─── DATA LISTING
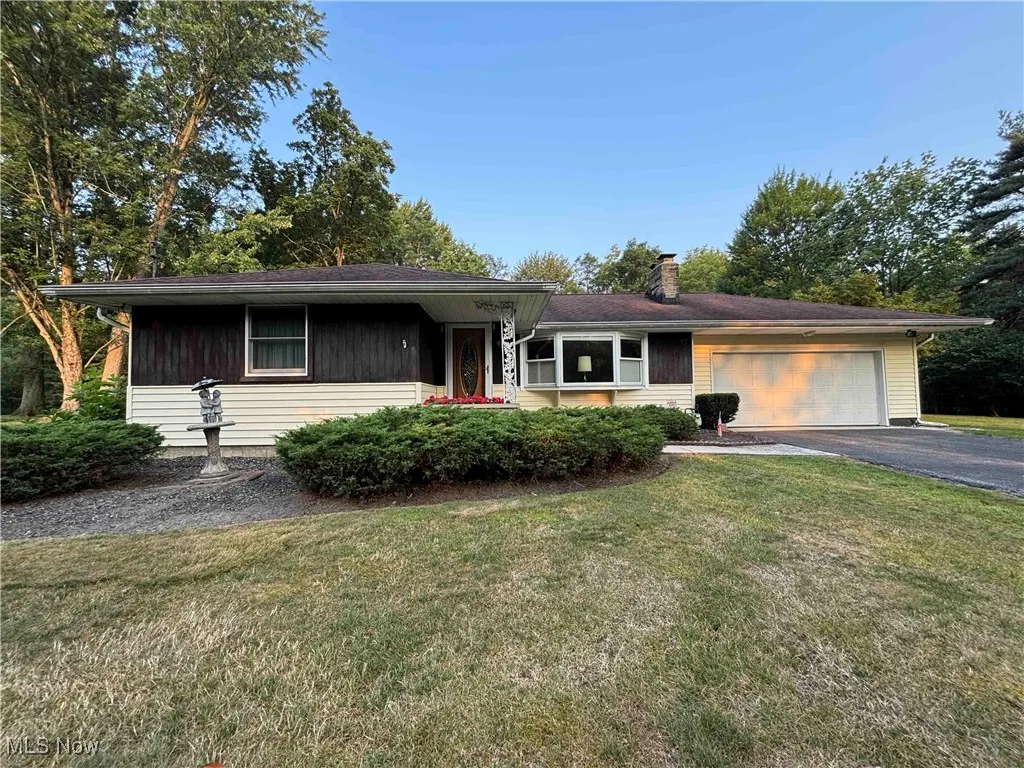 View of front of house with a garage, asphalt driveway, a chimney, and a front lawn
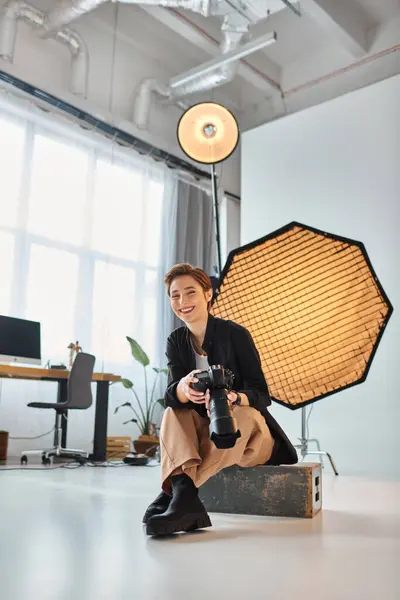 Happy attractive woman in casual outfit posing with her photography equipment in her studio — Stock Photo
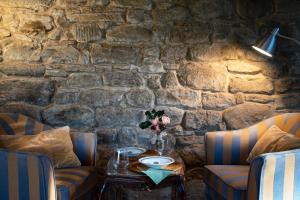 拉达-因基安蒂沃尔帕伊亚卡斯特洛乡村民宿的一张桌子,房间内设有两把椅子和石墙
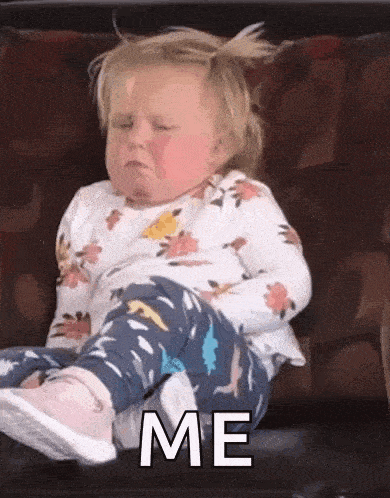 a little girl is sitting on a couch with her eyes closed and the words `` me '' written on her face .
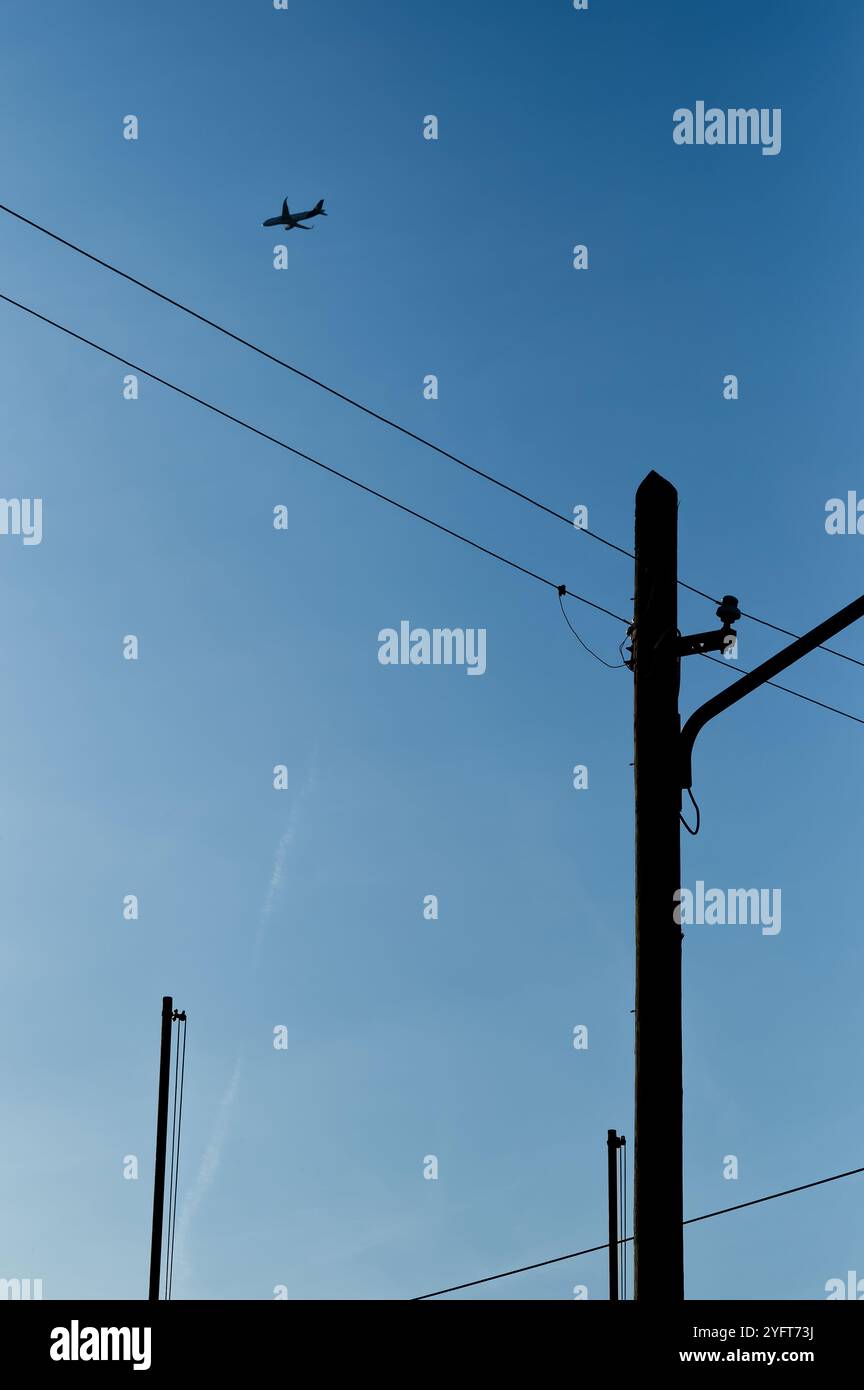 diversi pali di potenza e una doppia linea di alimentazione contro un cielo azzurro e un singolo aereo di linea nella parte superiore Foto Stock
──────
Reproduce the data above word for word, but leave the images out.

 View of front of house with a garage, asphalt driveway, a chimney, and a front lawn
 Happy attractive woman in casual outfit posing with her photography equipment in her studio — Stock Photo
 拉达-因基安蒂沃尔帕伊亚卡斯特洛乡村民宿的一张桌子,房间内设有两把椅子和石墙
 a little girl is sitting on a couch with her eyes closed and the words `` me '' written on her face .
 diversi pali di potenza e una doppia linea di alimentazione contro un cielo azzurro e un singolo aereo di linea nella parte superiore Foto Stock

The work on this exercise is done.